Wataru Matsuoka, Hideto Ito,* Kenichiro Itami*
Angew. Chem. Int. Ed. 2017, 56, 12224. DOI:
[ベンゼン環の拡張]
縮環π拡張反応(APEX: Annulative Pi-EXtension)は一段階で芳香環のC–H結合を直接変換しながら新たにいつ以上の縮環芳香環を構築する反応であり、近年我々が提唱する新しい反応概念でもあります(詳細は総説参照:Angew. Chem. Int. Ed. 2017, 56, early view)。今回我々は、多感芳香族炭化水素(PAH)を直接原料に用い、市販のパラジウム触媒とジヨードビアリールを作用させることで一段階でナノグラフェンへと変換できる新しいAPEX反応を開発しました。本反応はフェナントレン、ピレン、コアニュレンといったPAHをはじめ、チオフェン、ピロール類なども基質として用いることができ、事前官能基化(ハロゲン化や金属化)などを必要とせずに一段階でπ拡張PAH、ナノグラフェン、π拡張ヘテロ芳香環などを得ることができます。特に、クリセン(chyrsene:下図)、1,1′-ジヨードビフェニルを用いると、クリセン上の5つのC–H結合を直接的かつ同時にアリール化することが可能であり、湾曲部位と平面部位を兼ね備えた新しいナノグラフェンが合成できることを見い出しました。

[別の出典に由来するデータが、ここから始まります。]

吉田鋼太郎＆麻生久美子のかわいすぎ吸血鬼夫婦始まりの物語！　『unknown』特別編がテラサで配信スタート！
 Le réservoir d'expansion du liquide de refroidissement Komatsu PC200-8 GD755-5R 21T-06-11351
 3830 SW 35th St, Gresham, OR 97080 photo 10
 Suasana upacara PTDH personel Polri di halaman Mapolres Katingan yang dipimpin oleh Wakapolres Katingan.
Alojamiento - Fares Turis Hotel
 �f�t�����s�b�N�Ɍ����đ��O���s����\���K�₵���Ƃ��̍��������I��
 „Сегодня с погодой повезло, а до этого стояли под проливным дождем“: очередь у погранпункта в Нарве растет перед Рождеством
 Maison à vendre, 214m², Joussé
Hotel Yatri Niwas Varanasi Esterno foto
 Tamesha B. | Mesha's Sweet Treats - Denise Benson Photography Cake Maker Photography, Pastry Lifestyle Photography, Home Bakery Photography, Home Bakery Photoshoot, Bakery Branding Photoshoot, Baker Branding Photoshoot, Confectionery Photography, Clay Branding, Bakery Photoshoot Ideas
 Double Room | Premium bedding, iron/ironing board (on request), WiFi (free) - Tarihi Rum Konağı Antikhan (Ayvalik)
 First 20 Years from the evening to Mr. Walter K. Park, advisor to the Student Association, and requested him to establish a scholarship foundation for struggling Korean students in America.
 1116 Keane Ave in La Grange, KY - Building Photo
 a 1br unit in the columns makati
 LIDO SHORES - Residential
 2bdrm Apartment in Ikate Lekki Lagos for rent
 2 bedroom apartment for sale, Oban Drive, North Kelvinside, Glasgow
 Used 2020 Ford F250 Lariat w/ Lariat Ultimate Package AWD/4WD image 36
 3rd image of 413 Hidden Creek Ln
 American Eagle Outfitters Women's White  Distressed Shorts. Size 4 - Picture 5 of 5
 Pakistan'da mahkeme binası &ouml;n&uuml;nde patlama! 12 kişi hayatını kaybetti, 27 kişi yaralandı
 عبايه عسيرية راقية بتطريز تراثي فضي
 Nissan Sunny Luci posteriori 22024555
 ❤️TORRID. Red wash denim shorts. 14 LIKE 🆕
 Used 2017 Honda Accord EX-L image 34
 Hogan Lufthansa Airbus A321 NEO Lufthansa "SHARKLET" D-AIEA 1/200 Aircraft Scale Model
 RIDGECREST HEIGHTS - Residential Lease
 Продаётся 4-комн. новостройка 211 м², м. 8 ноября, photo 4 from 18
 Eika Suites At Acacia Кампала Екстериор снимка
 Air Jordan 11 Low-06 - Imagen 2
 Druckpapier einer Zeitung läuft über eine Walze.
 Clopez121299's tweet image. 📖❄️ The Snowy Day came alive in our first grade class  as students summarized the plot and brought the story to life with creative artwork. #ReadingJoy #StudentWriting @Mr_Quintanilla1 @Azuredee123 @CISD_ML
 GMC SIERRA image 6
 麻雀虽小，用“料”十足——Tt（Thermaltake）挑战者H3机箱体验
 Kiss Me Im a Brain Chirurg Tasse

このナノグラフェンは結晶および粉末固体状態中で効率的な一次元π-πスタッキングしていることがわかり、有機エレクトロニクス材料への応用などが期待されます。
開発者からのコメント:
松岡和君(修士2年生、写真左)
今回のAPEX反応は僕にとって非常に思い入れのある反応です。同じような分子変換反応は既に当研究室で開発されていましたが、APEX反応の実用性の向上や今後の応用展開を視野に入れ、より一般性の高い反応条件の探索に取り組みました。文字通り、0からの反応開発であり、ガスクロマトグラフィーで初めて目的物のピークが見えたときは嬉しさのあまり一人で震えました。また、偶然の発見ではありますが、APEX反応とScholl反応が同時に起こる反応条件の発見も印象深いです(上図)。低収率に留まっていることは残念ですが、簡単に大きなπ共役系を構築でき、「カッコイイ反応」を開発出来たと思います(笑)。本論文は、第一著者として初めての論文であり、論文作成の大変さなど、多くの事を学べました。今後も本研究で得た知識や技術を元に、よりカッコイイAPEX反応を開発したいと思います。
伊藤英人講師(写真右)
第一世代のAPEX反応(Nature Commun. 2015)の開発から2年強が過ぎ、第二世代APEX反応の開発にむけ松岡君は4年生から日々奮闘してようやく掴んだ成果です。反応系は市販のPd触媒を使ったいたってシンプルな系に偶然か必然か至りましたが、ここに至るまでに様々な可能性を模索して松岡君が一人で2000以上の実験を行ってくれたからこそ発見できた自慢の反応です。おめでとう!